What to work on:
With the pictures omitted, set down exactly the lines from the one that contains "ANNEMARIE BÖRLIND Börlind" through the last line of the data.

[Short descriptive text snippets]
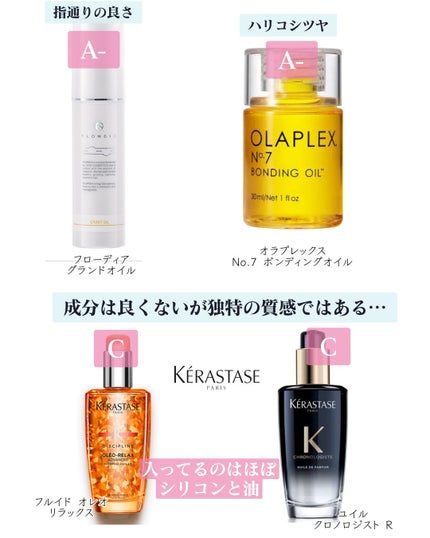 ヒロキ|40歳の美容家 ヘアケア スキンケア on LIPS 「『専売品のヘアオイルって本当に良いの?!🥲』って声が多かったの..」(4枚目)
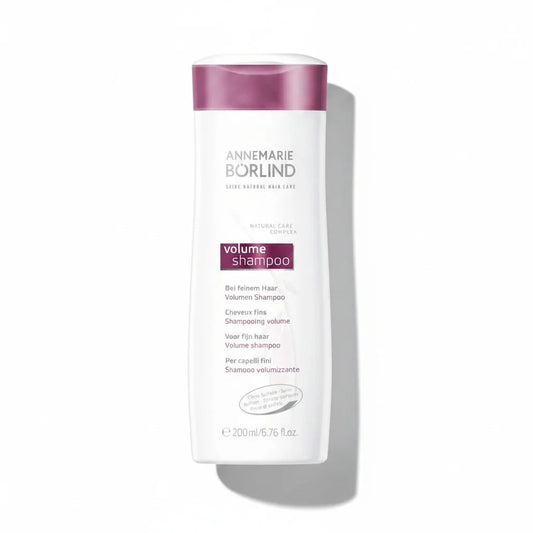 ANNEMARIE BÖRLIND Börlind Volumen Shampoo – Ansicht 3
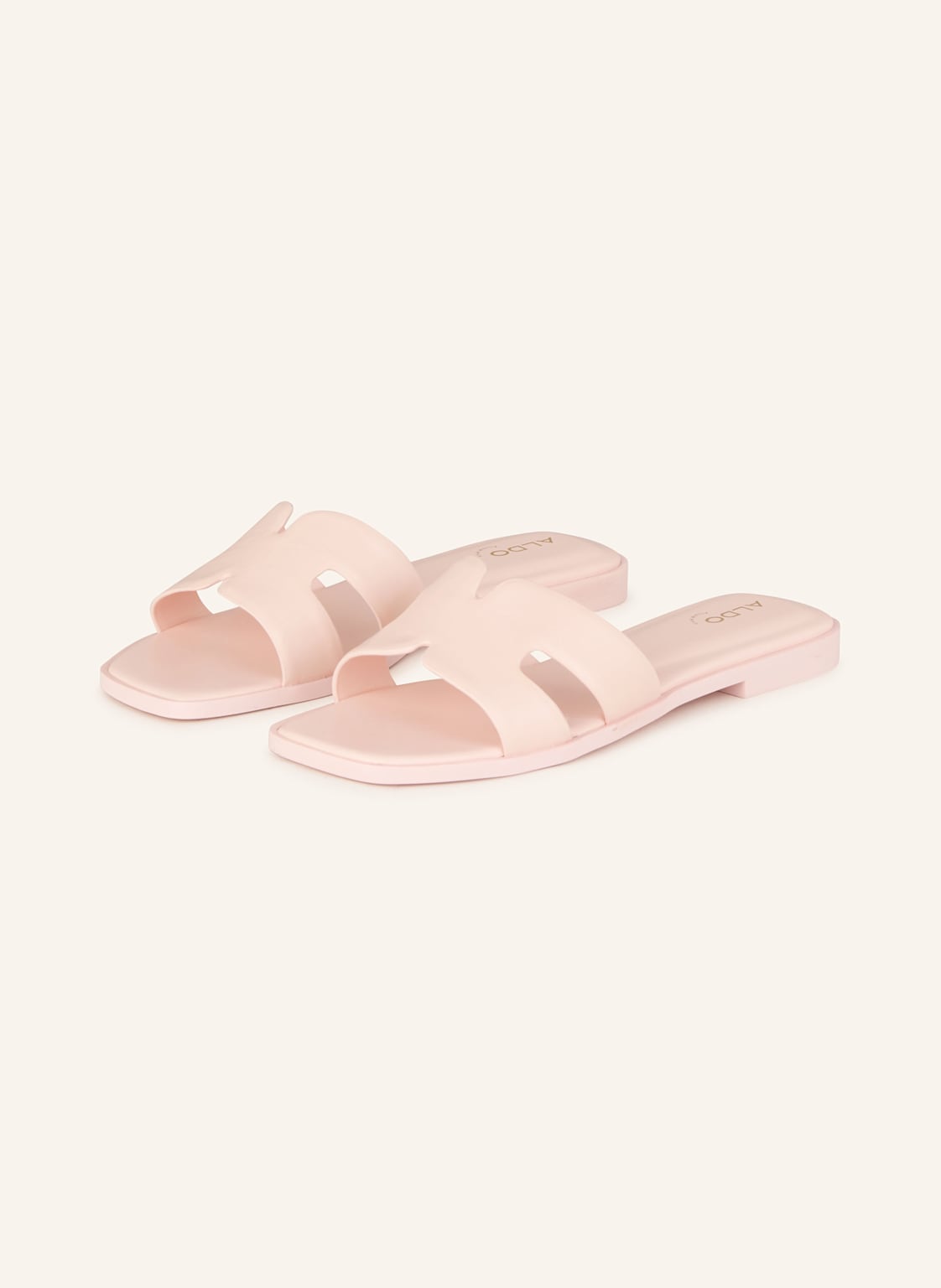 Aldo Pantoletten Itsandal rosa von ALDO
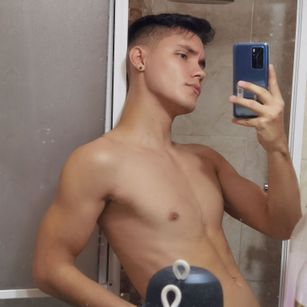 Model - Tony Velez man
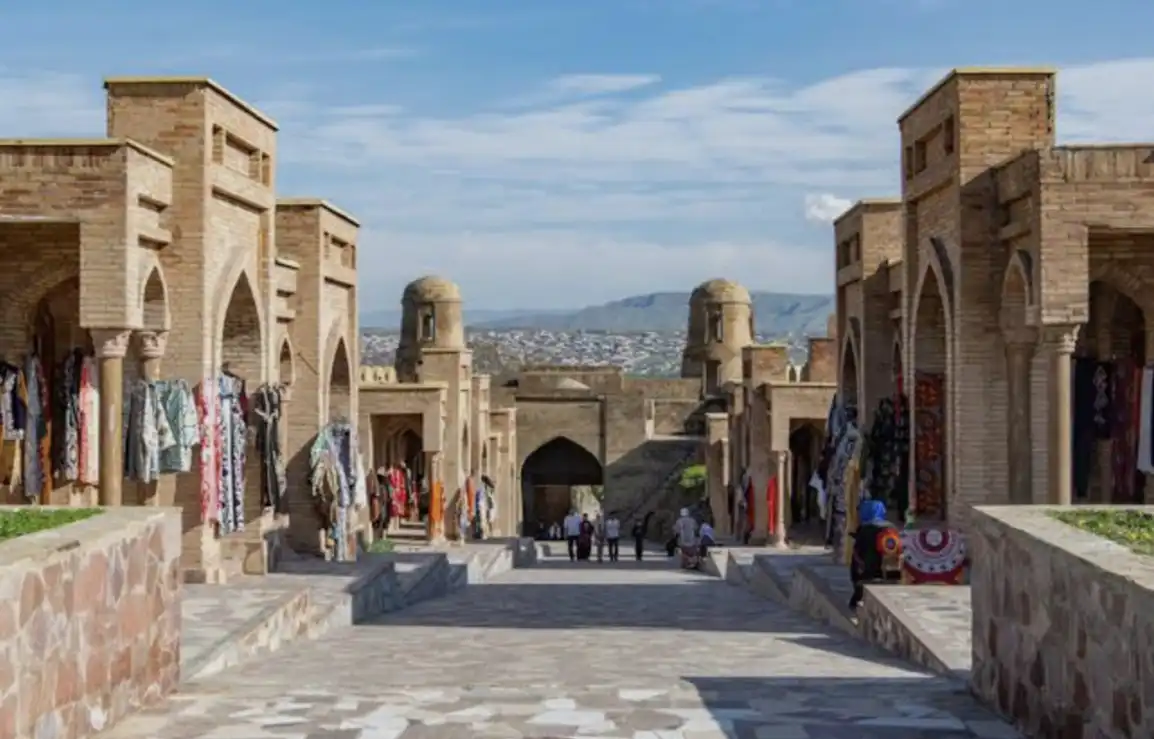 Hissar Fortress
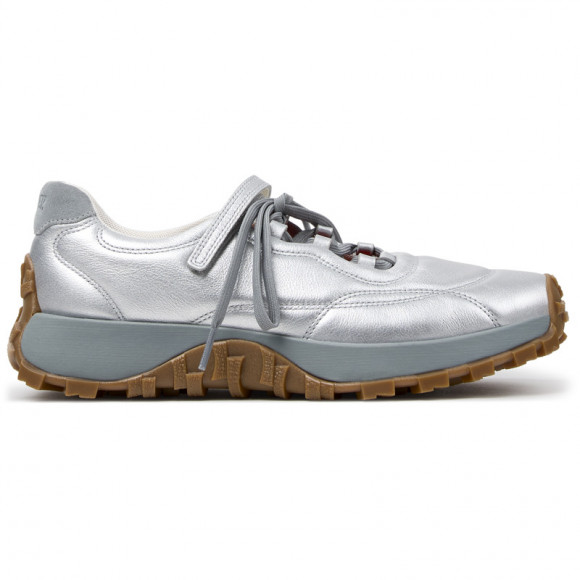 CAMPER Drift Trail - Casual for Women - Grey, Smooth leather - K201988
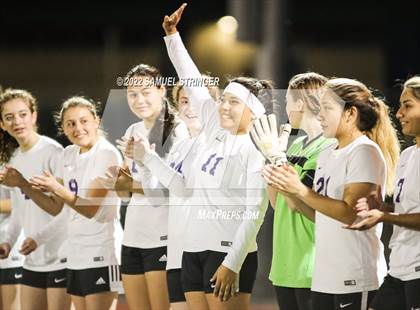 Thumbnail 1 in Escalon @ Sonora (CIF SJS D4 Playoff) photogallery.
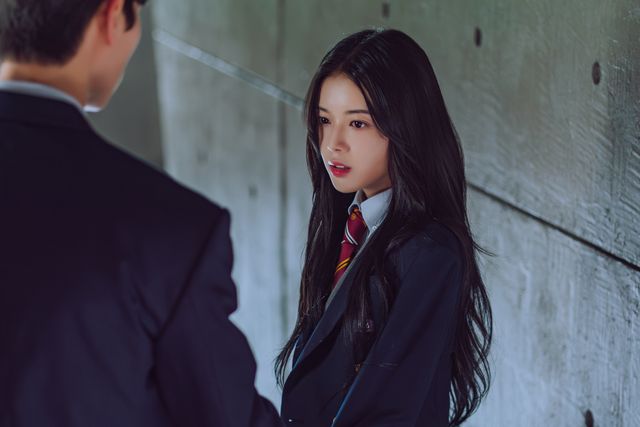 ヒリヒリ感が漂う…韓ドラ「ヒエラルキー」場面写真（23枚目）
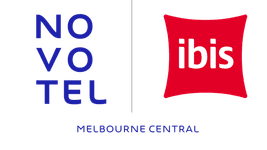 Novotel Melbourne Central logo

Task result:
 ANNEMARIE BÖRLIND Börlind Volumen Shampoo – Ansicht 3
 Aldo Pantoletten Itsandal rosa von ALDO
 Model - Tony Velez man
 Hissar Fortress
 CAMPER Drift Trail - Casual for Women - Grey, Smooth leather - K201988
 Thumbnail 1 in Escalon @ Sonora (CIF SJS D4 Playoff) photogallery.
 ヒリヒリ感が漂う…韓ドラ「ヒエラルキー」場面写真（23枚目）
 Novotel Melbourne Central logo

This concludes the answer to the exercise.